D’après un responsable auprès des centrales parlant sous couvert de l’anonymat, des centrales d’une capacité d’environ 2 000 mégawatts ont été ainsi mises hors service pour entretien et seront probablement rejointes par d’autres vouées à la retraite. 27% des centrales ont déjà plus de 20 ans.
Le changement de carburant était la solution pour laquelle avait opté immédiatement le gouvernement depuis que la production de gaz naturel a dégringolé. La révolution de janvier 2011 et l’instabilité politique qui a perduré 3 ans ont poussé à la stagnation des explorations de nouveaux champs, et l’Etat s’est finalement retrouvé endetté de 6 milliards de dollars envers son « partenaire étranger ».
« La production a ainsi baissé de 6 milliards de m3 à 5,2 milliards, puis à 4,7 », précise Hafez Salmawy.
Selon une étude menée par le chercheur Amr Adly de l’Université Stanford et publiée par l’Initiative égyptienne des droits personnels, l’Egypte a perdu environ 10 milliards de dollars de revenus en gaz de 2005 à 2010. L’étude intitulée « Contrats de corruption du gaz à l’ère Moubarak » révèle que le régime de Moubarak avait permis l’exportation de milliards de mètres cubes de gaz vers la Jordanie, l’Espagne et Israël, à des prix très bas.
Importer davantage
Le gouvernement Mahlab entend aujourd’hui compter sur les importations, mais à des prix beaucoup plus élevés. Sissi aurait ainsi conclu des accords avec l’Algérie et la Russie. Les responsables avancent décembre comme date d’arrivée du gaz naturel pour répondre au déficit.
En juin, Alger avait annoncé avoir accepté livrer 5 cargaisons de gaz naturel liquéfié à l’Egypte, d’ici la fin de l’année. « Les installations actuelles ne le permettent pas.
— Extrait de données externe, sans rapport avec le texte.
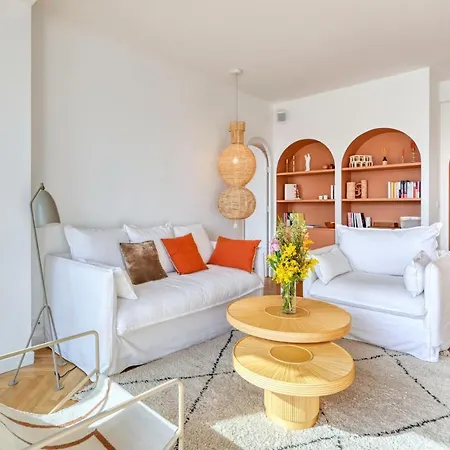 La Sentinella - Appt Au Dessus Du Vieux Port Apartment Marseille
Elle ont été construites pour l’exportation et non pas l’importation. On a besoin d’un terminal offshore », précise encore Akram Ismaïl.
Le port de Damiette permet une importation de petites quantités, mais Le Caire n’a pas annoncé son aménagement ou son expansion pour une éventuelle importation. Et d’où viendrait le financement? Pour l’instant, Le Caire compte sur des aides et dons de plusieurs milliards de dollars en provenance notamment d’Arabie saoudite et des Emirats arabes unis.
Parallèlement, le gouvernement a réduit les subventions sur les carburants. Il a du même coup autorisé l’importation du charbon pour pallier le manque de gaz, provoquant une vaste polémique environnementale. Le gouvernement a également affirmé sa volonté d’ouvrir la production de l’électricité au secteur privé. Mais pour l’heure, rien ne permet d’envisager une amélioration sur le long terme.